フィアナ伝説:水の暴竜
古老たちの語らい
レンスターの王は言った。
「カイールテ殿、あなたお一人だけだったとしても大変な歓迎を致しましたでしょう。
タドグの娘があなたの母親なのですからここにいる権利を持っていらっしゃる。
しかし、一つお教え願いたいのですが、ここの土塁の入り口にある泉はどうしてスカースデルクの泉と呼ばれているのでしょうか。
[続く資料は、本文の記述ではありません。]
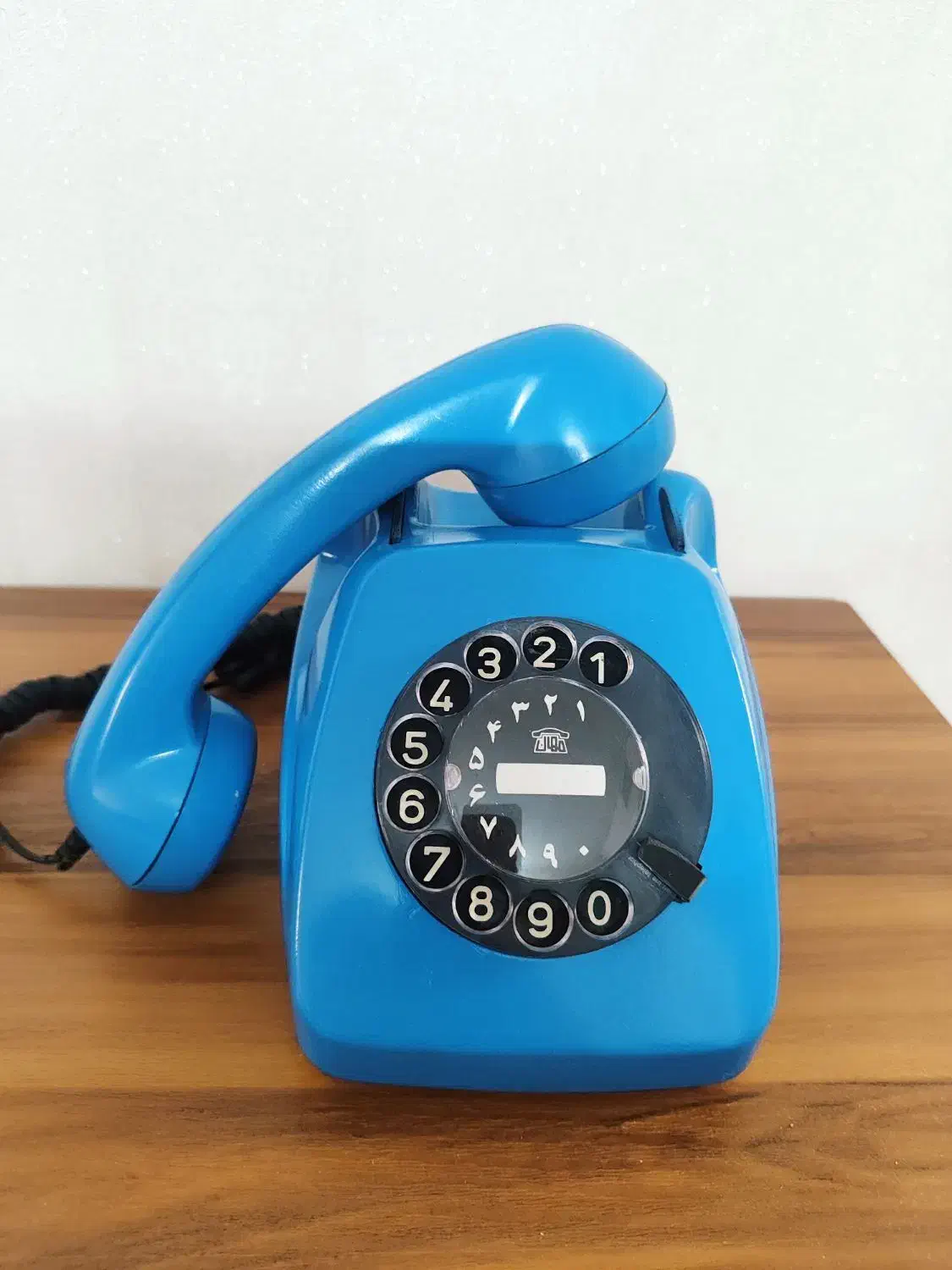 تلفن قدیمی|تلفن رومیزی|تهران, صد دستگاه|دیوار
」
クウァルの娘、スカースデルクがラーガンの湖にいる竜≪スミルドリス≫を目の当たりにして溺れてしまった。
後にブルーム山と呼ばれることになるエドレカイルの息子スウォーイルの山の頂上からラーガンの湖の渦巻く冷たい水が湧き上がって撒き散り、はるばるここからこの国中に広がる恐れがあったのはこの泉のことなのだ。
それからフィンは後にも先にも誰もなしえないような偉業を打ち立てた。
彼は東方の地≪インディア≫から(湖を)吸う者を、ゲルマン人の地≪アルウァーン≫から魔法使いを、サクソン人とフランク人の地から女戦士たちを連れてきて、彼らは渦巻く冷たい湖から水を引かせた。
このようにカイールテは答えた。
フィン・マックールの最初のフィアナたちは尊かった、とレンスターの王は言った。
カイールテが言葉を継いで、
「彼らはあなたの時代まで生き残りはしなかったけれども、どの者も生き残った者に劣るということはなかった。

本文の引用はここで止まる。